Estonia has created one platform that supports electronic authentication and digital signatures to enable paperless communications across both the private and public sectors. There are still a few things that you can't do electronically in Estonia: marry, divorce or transfer property -- and that's only because the government has decided it was important to turn up in person for some big life events. This spring, government aims to go even further. If Oskar had been born a few months later, he would have been registered automatically, with his parents receiving an email welcoming him into the nation.

15 of 93 comments (clear)

  1. How convenient by quonset · · Score: 4, Insightful

    When I need information it's now one-stop shopping in Estonia. All the people's information in one convenient place. No muss, no fuss, Hack once and live a lifetime.

    BTW, what happens when, not if, Russia decides that uppity former republic needs to be taught a lesson? We've seen what they're trying to do in the Ukraine. Imagine a country with a population less than the city of Philadelphia being taken down when nothing works because somehow, mysteriously, large amounts of data are lost or corrupted.

    What's that saying about putting all your eggs in one basket?

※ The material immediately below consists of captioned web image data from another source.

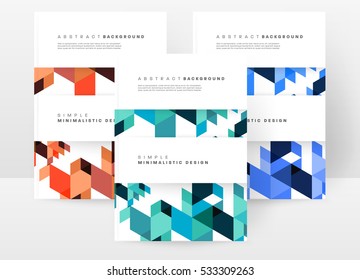 Geometric background Template for covers, flyers, banners, posters and placards, may be used for presentations and books, EPS10 vector illustration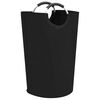 vidaXL Laundry Sorter Black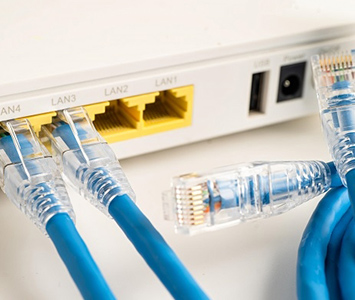 有線ルーターのイメージ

    1. Re:How convenient by MobaHup · · Score: 5, Informative

      The data *isn't* kept in one convenient place. On the contrary. Each government agency only keeps data relevant to them. If they need information about, for instance, someone's company's mailing address, then they can request it -- straight from the agency that deals with this information -- over X-Road, a sort of secure intranet/SOA hub. Each agency publishes a set of SOAP services (with various access restrictions) to make use of the information they maintain, and other agencies can securely and directly access these services. Access from/by each agency is protected by standardised security servers that take care of encrypting, validating and logging the data. If a hacker gets access to, say, the local DMV, then they would only have access to DMV's information and could make some individual requests that other agencies allow DMV to make -- no more.

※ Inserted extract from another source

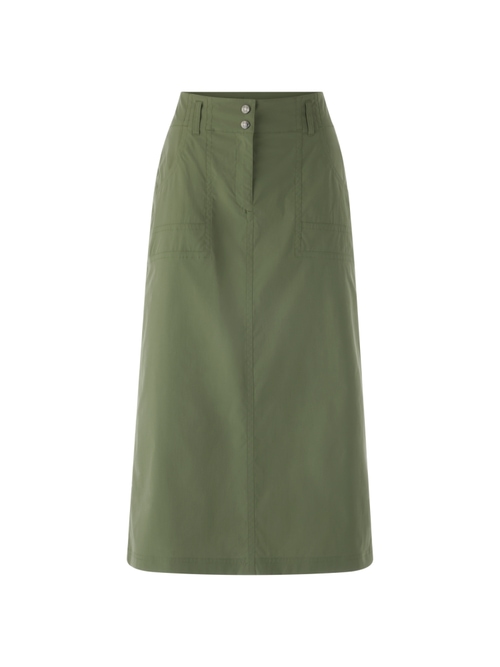 Marc Cain Women's Green Tonal Midi Skirt, 8 (N1)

    2. Re:How convenient by Freischutz · · Score: 2

      When I need information it's now one-stop shopping in Estonia. All the people's information in one convenient place. No muss, no fuss, Hack once and live a lifetime. BTW, what happens when, not if, Russia decides that uppity former republic needs to be taught a lesson? We've seen what they're trying to do in the Ukraine. Imagine a country with a population less than the city of Philadelphia being taken down when nothing works because somehow, mysteriously, large amounts of data are lost or corrupted. What's that saying about putting all your eggs in one basket?

      Estonia is a NATO member and an EU member and Britain and Germany have deployed forces in the Baltic nations. They are safe.

      Those are token forces. Unless the Estonian, Latvian, and Lithuanian armies are able to deal with massive armour and airborne invasions and delay the Russians for a significant amount of time while NATO forces deploy to the theatre the Russians can overrun those countries in hours and judging from what I've seen in terms of training of Baltic forces by NATO that seems to be the strategy. Once the Ivans are occupying them these countries will become another frozen conflict like the E-Ukraine or those disputed territories in Georgia ... unless the Russians decides to annex Estonia, Latvia, and Lithuania to 'protect' the inhabitants. After that it becomes a question of whether NATO is willing to put up rather large armoured invasion force to liberate these countries. To that purpose they must first deal with a massive Russian SAM and fighter umbrella and judging from what Trump has been saying I'd be sceptical the US would ever agree to it and they'd be the ones who'd have to provide a large part of the air defence suppression assets in particular (read: cruise missiles and stealth bombers). As for the internet, I suppose the Russians would cause some damage in the event of an war, probably quite a lot, but I don't think it would be win-the-war-in-six-hours type damage and I'd also be surprised if there aren't plans to isolate Russia from the ROW internet by a button press in the event of a war.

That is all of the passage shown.